- Task: In the records below, begin at the line that has "Now I would" and stop after the line that has "Hey there, Ark"; quote those lines verbatim and nothing more.

- Data in this exercise:
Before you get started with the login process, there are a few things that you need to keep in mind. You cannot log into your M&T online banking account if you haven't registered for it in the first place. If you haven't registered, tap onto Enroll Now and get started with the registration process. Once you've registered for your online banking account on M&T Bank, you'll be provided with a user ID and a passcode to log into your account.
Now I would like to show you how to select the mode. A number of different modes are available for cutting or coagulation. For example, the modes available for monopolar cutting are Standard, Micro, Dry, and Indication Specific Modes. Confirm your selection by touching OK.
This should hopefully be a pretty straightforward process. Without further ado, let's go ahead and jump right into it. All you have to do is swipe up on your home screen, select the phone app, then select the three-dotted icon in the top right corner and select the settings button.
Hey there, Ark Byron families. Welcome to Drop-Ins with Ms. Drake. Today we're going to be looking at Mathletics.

* * *

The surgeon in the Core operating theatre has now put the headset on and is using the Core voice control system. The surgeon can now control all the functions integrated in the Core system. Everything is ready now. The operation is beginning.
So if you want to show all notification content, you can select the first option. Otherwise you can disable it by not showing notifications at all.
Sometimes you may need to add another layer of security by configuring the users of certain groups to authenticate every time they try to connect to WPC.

- Solved exercise:
Now I would like to show you how to select the mode. A number of different modes are available for cutting or coagulation. For example, the modes available for monopolar cutting are Standard, Micro, Dry, and Indication Specific Modes. Confirm your selection by touching OK.
This should hopefully be a pretty straightforward process. Without further ado, let's go ahead and jump right into it. All you have to do is swipe up on your home screen, select the phone app, then select the three-dotted icon in the top right corner and select the settings button.
Hey there, Ark Byron families. Welcome to Drop-Ins with Ms. Drake. Today we're going to be looking at Mathletics.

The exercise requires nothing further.